# coustom rod question-wonderod



## foreverfishing (Nov 30, 2012)

I have a Shakespeare spinning wonderod 7' 6". it has 6 guides and a aluminum(It isn't graphite) reel seat. its a two-piece rod and where the rod breaks in half it is crack below the medal piece that holds the two pieces together. I was wanting to get a price estimate on how much it would be to get a coustom rod built if I provided these guides and reel seat? I included the rod description because I want the same class rod.i would like cork handles so the coustom looks somewhat similar to the rod I have.

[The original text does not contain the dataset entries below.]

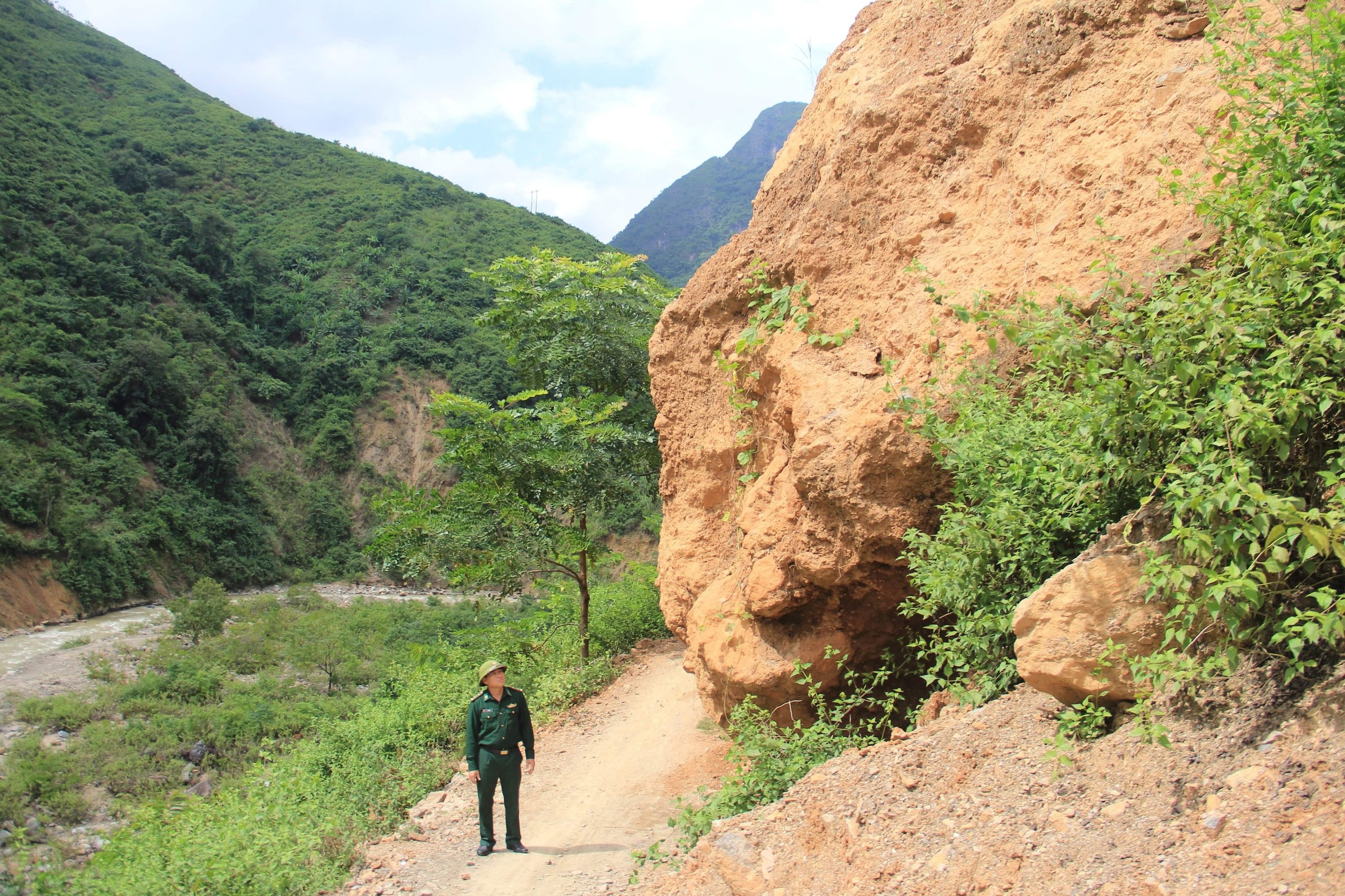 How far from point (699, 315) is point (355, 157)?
6100 centimetres

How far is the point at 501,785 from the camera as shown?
5.05 metres

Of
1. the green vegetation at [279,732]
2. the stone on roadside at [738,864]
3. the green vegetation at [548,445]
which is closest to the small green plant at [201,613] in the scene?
the green vegetation at [279,732]

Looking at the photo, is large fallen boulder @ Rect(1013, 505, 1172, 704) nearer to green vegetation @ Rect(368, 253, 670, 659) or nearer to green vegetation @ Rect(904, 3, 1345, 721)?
green vegetation @ Rect(904, 3, 1345, 721)

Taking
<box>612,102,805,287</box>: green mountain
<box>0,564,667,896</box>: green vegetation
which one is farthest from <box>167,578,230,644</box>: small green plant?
<box>612,102,805,287</box>: green mountain

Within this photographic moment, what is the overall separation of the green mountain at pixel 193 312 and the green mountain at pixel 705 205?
52.9ft

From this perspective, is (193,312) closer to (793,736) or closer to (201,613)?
(201,613)

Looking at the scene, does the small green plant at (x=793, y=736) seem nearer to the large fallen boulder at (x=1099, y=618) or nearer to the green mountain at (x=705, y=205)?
the large fallen boulder at (x=1099, y=618)

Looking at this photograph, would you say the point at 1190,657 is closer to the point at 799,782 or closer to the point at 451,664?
the point at 799,782

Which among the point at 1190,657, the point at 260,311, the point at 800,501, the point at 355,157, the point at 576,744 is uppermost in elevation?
the point at 355,157

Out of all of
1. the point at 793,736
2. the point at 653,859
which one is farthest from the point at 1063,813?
the point at 653,859

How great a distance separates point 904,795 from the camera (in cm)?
328

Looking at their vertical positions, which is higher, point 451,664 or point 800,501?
point 800,501

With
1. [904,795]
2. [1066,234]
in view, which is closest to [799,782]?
[904,795]

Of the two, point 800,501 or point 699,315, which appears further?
point 699,315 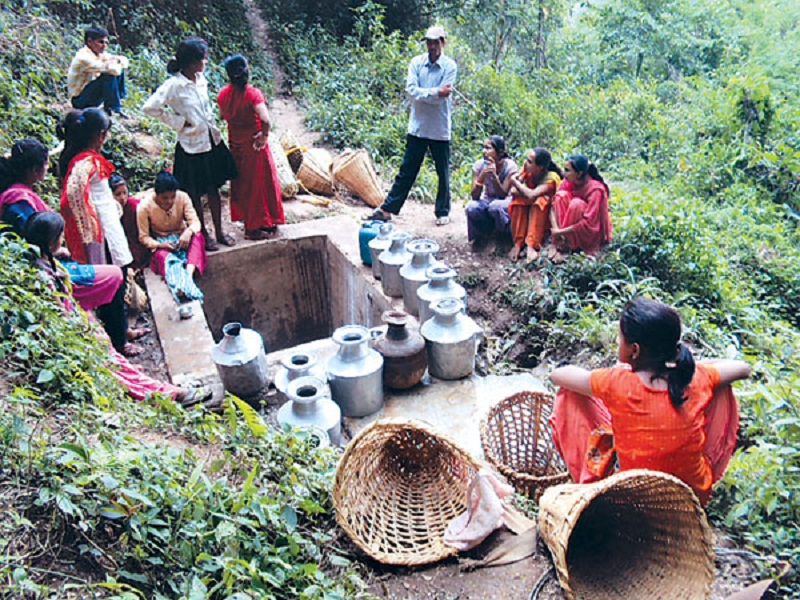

I do not have the cahs now and I don't have a job so I was wanting the estimate to know how much I need to earn. thanks. if you need any more info to give me a price range just ask. thanks again.


----------



## fairpoint (May 9, 2013)

200.00 it is a white blank..? Maybe gator has a blank like that...They have the same rough spiral unsanded finish as the old wonder rod's....What reel do you have on it...?
A Shakespeare 2062 is what belongs on it and I happen to have a few and also the Presidential series green one with the push button spool.....
Fairpoint


----------



## foreverfishing (Nov 30, 2012)

well I found it at a dump and it had a Mitchell 300 on it. and that seems expensive for the strength of the rod but I don't know much about older rods like that so I believe it


----------



## kandv2000 (May 10, 2012)

foreverfishing said:


> well I found it at a dump and it had a Mitchell 300 on it. and that seems expensive for the strength of the rod but I don't know much about older rods like that so I believe it


 
You said custom. Custom = 200 on the very low end. You have to consider time to take the items off of your old rod, then clean them. No decent rod builder will put crappy looking stuff on a new blank then put their name on it. Then there is the labor to build the new one plus the cost of the blank. If you want anything custom you pay for it.


----------



## foreverfishing (Nov 30, 2012)

kandv2000 said:


> You said custom. Custom = 200 on the very low end. You have to consider time to take the items off of your old rod, then clean them. No decent rod builder will put crappy looking stuff on a new blank then put their name on it. Then there is the labor to build the new one plus the cost of the blank. If you want anything custom you pay for it.


 
I completely understand that. I thought he meant the blank alone costs $200. that's what I was referring to. I understand custom builds aren't cheap.


----------